* [Task statement]: Under this line sits a listing. Repeat exactly and only its lines from the one holding "Brilliant Cut Swiss" through the one holding "690 pcs Teeth"; skip pictures.

* [Records provided]:
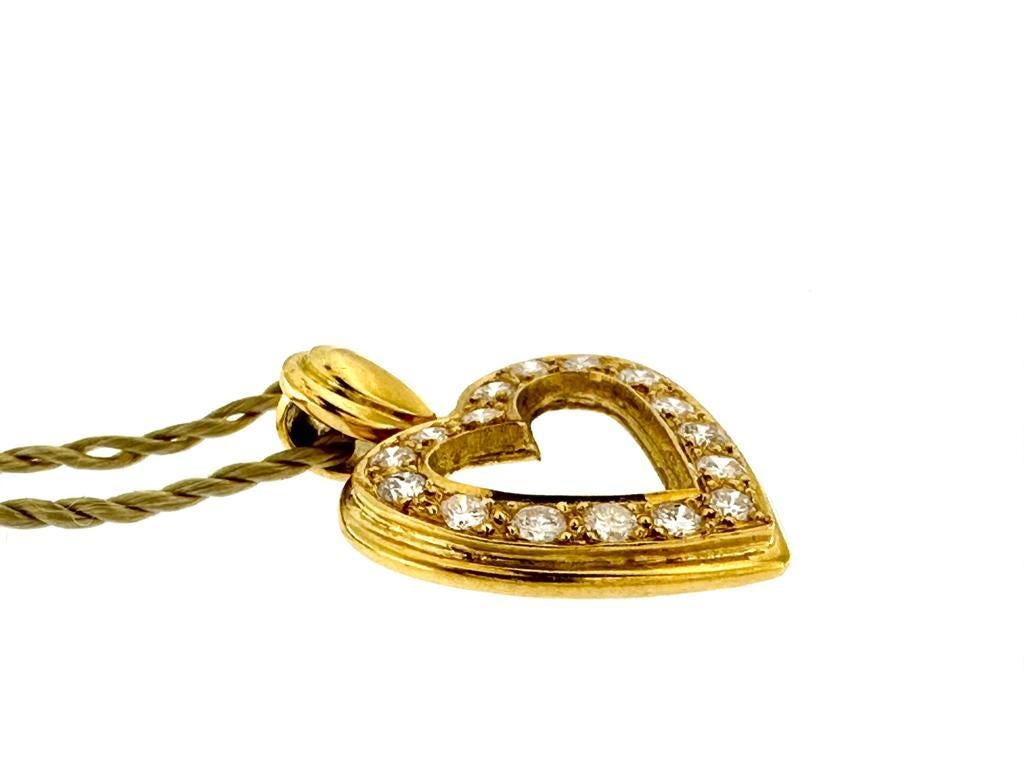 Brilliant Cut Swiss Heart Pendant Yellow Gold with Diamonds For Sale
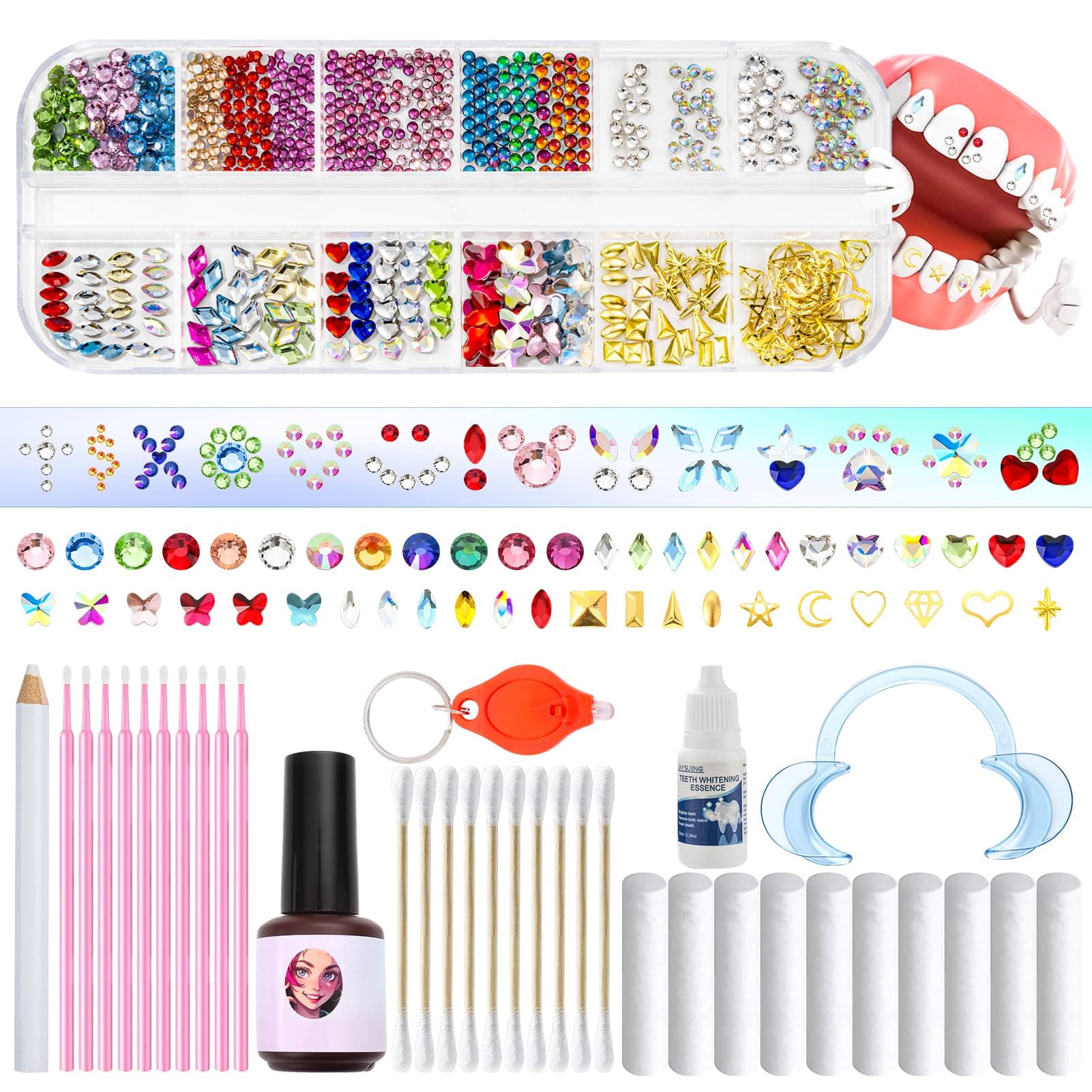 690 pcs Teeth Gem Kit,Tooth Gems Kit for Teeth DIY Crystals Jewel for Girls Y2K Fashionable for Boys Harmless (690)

---

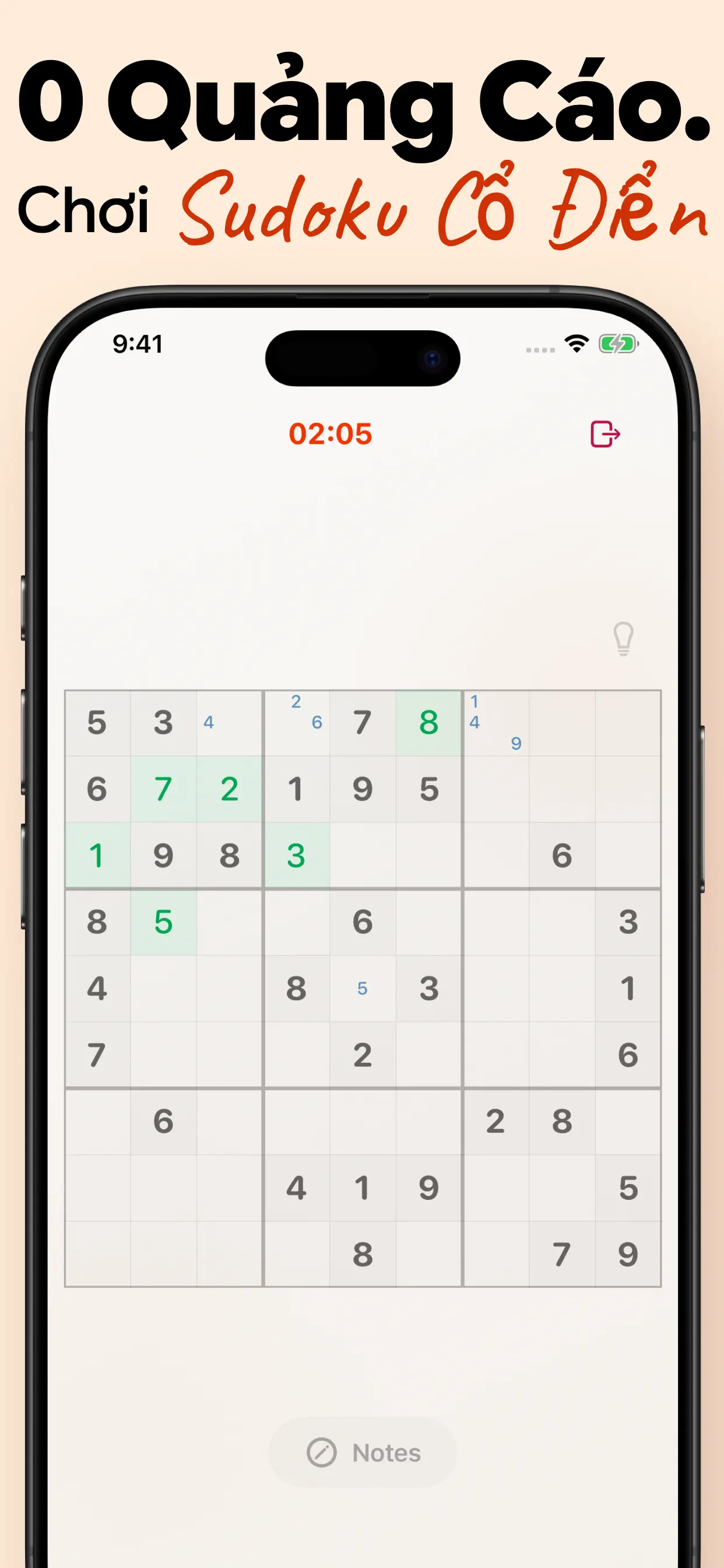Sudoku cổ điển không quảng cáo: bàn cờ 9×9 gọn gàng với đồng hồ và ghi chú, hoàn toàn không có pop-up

* [Answer box]:
 Brilliant Cut Swiss Heart Pendant Yellow Gold with Diamonds For Sale
 690 pcs Teeth Gem Kit,Tooth Gems Kit for Teeth DIY Crystals Jewel for Girls Y2K Fashionable for Boys Harmless (690)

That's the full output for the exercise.